JOURNAL ARTICLE

Increases in parathyroid hormone (PTH) after gastric bypass surgery appear to be of a secondary nature

Judy Jin, Ann V Robinson, Peter T Hallowell, John J Jasper, Thomas A Stellato, Scott M Wilhem
Surgery 2007, 142 (6): 914-20; discussion 914-20
18063076

INTRODUCTION: Endocrine changes, particularly increases in parathyroid hormone (PTH), occurring after gastric bypass procedures have been reported but are not well characterized.

METHODS: We reviewed retrospectively patients who underwent Roux-en-Y (short limb (SL) = 75 cm, long limb (LL) = 165 cm) gastric bypass procedures at our institution from January-December 2005. Patient demographics, laboratory values of serum calcium, Vitamin D, and phosphorous concentrations as well as levels of alkaline phosphate and PTH were followed at quarterly intervals for one year.

RESULTS: 140 patients were identified. Mean age for the group was 45 years and 90% of patients were female. The average BMI was 49.2. The mean PTH levels increased from 29.4 immediately post-op to 43.1 ng/mL (P < .001) one year after surgery. Five percent of the patients had hyperparathyroidism (PTH>53 ng/mL) immediately postoperatively; the ratio then increased to 21% at one year. Only two patients had evidence of true primary hyperparathyroidism with increased PTH and hypercalcemia. Sixty percent of patients had at least a 10 ng/mL increase in PTH level at the end of one year, reflecting a 30% increase from baseline levels. Vitamin D deficiency (levels <20 ng/mL) were identified in 45 patients (32%) initially postoperatively and they continued to be low compared to the rest of the population (P = .004). Vitamin D levels did vary with seasonal sun exposure and were greatest in the third quarter (July-September). Sub-analysis of the group showed that patients with LL gastric bypass had lesser Vitamin D concentrations (22 vs 30 ng/mL, P < .01) compared to SL patients.
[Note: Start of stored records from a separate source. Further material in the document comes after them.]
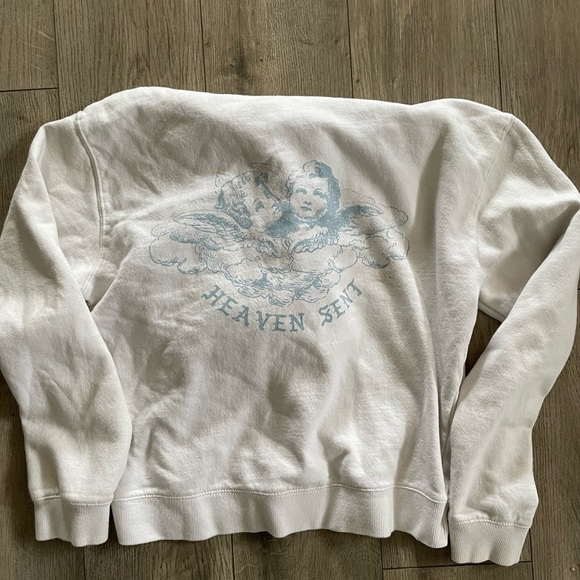 Brandy Melville Sweater - Picture 1 of 2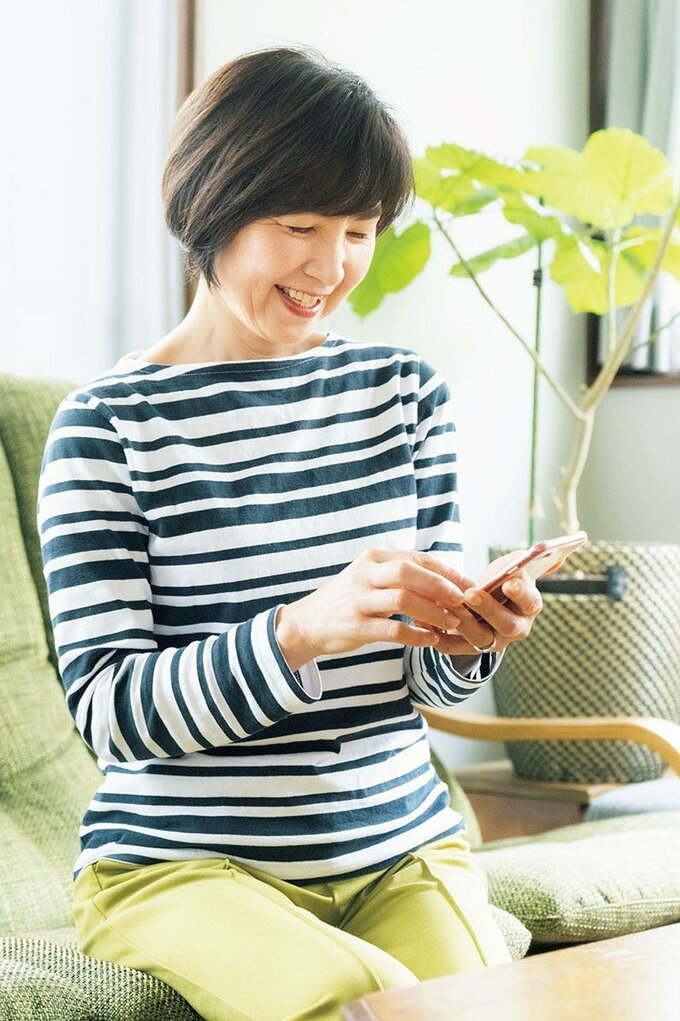 スマホにメモする井田さん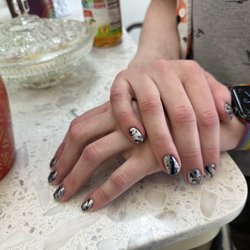 Linway Nails and Spa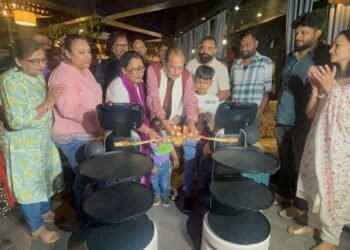 अब The Sailor’s Knot  में अतिथियों का स्वागत करेंगे रोबोट , वित्त मंत्री के हाथों हुआ शुभारंभ!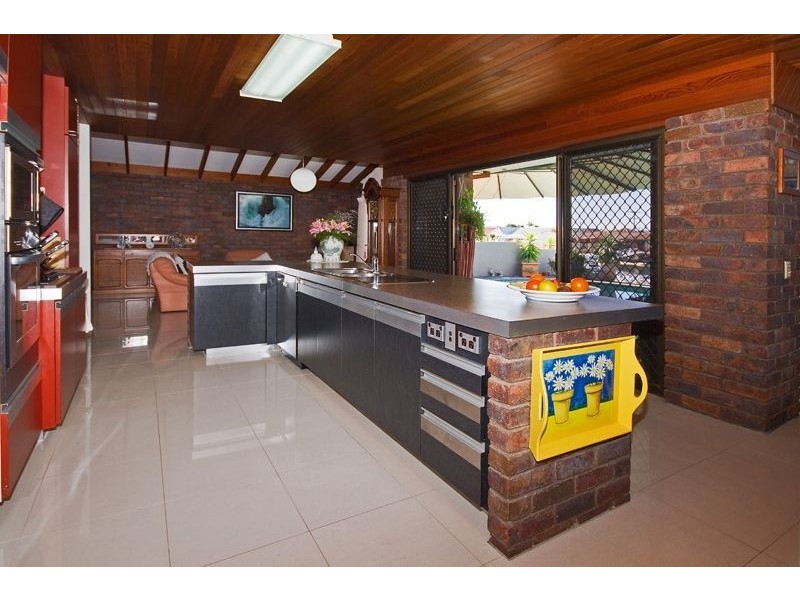 37 Columbus Drive, Hollywell QLD 4216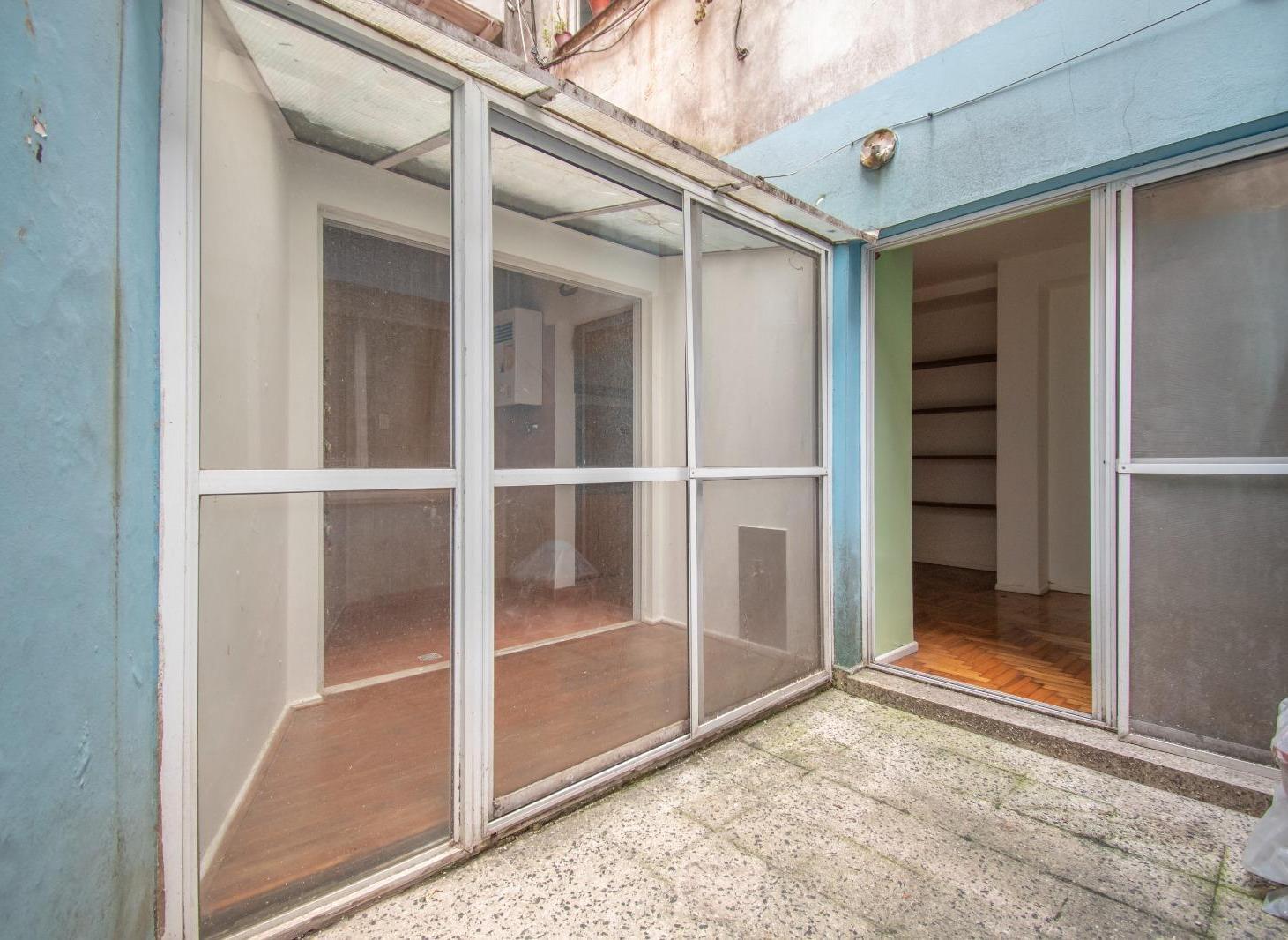 Foto de VENTA DEPARTAMENTO 2 AMBIENTES CON PATIO MUY LUMINOSO PERMUTA EN, imagen 5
CONCLUSION: Although preoperative endocrine abnormalities are present in patients undergoing gastric bypass procedures, the derangements intensify after gastric bypass surgery. A four-fold increase in patients with elevated PTH deserves special attention. When combined with the concurrent prevalence of low serum Vitamin D and normocalcemia in this population, we propose that this is a disorder of secondary hyperparathyroidism requiring medical treatment with Vitamin D supplementation.